Tuesday, March 29, 2011

In the Eye of the Storm


Whenever I see friends and family these days, the first thing out of their mouths is, “So…how is it going with three kids?” They ask the way you might ask someone who just survived a natural disaster, “So…what was it like?”

I suppose that is apt considering some days I feel like the five of us are our own little tornado. We sweep into a room with a flurry of sound and chaotic activity and we leave a trail of destruction in our wake. I’m learning that a successful outing is possible, but requires careful strategizing. Let’s just say I really wish I had paid more attention when I read “The Art of War” in college.

Our first outing was to take Miren to a doctor’s appointment when she was a few days old. The doctor asked me how things were going and I replied in a cocky mother-of-three tone that things were fine.

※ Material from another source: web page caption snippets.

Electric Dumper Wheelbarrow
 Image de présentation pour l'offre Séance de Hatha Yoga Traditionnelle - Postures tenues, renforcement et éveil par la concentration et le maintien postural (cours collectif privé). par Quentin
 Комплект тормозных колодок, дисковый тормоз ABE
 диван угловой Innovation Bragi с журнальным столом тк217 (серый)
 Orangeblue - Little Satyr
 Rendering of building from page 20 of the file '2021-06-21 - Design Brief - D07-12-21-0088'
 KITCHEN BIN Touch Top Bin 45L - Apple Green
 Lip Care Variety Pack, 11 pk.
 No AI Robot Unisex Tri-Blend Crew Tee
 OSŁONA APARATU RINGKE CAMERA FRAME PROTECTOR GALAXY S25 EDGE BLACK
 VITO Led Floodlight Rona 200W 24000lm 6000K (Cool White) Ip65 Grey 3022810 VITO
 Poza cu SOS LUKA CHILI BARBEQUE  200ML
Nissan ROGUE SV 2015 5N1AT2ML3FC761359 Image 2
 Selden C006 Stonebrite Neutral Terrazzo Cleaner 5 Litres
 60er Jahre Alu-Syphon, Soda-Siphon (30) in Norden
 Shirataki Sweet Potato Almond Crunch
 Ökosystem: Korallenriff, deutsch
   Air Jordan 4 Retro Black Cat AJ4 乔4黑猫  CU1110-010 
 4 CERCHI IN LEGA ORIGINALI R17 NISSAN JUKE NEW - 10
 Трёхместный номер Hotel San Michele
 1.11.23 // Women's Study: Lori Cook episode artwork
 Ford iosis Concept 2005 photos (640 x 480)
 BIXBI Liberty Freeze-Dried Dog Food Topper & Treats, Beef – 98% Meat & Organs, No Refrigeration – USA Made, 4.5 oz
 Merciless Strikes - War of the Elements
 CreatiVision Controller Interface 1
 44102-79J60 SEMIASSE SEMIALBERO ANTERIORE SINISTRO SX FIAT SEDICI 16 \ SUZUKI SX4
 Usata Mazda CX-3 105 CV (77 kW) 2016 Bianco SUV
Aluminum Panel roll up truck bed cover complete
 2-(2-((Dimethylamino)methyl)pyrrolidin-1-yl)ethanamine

SO much easier the third time. Then I took off her diaper for a weigh-in and she promptly peed all over her only clean diaper, her only outfit, and her only coat. Apparently in my post-partum fog, I had failed to any pack provisions for this new member of our family.

On a date night a few weeks later, Robbie and I left the boys with generous friends while we took Miren to a fancy Italian restaurant (I’d like to pretend we are that romantic, but the truth is, we had a gift certificate). This time we had learned to pack provisions, but then we promptly left those provisions in the diaper bag with the boys. We realized it as we sat down to eat, but figured What’s the worst that can happen in one hour when you have an easy baby like Miren?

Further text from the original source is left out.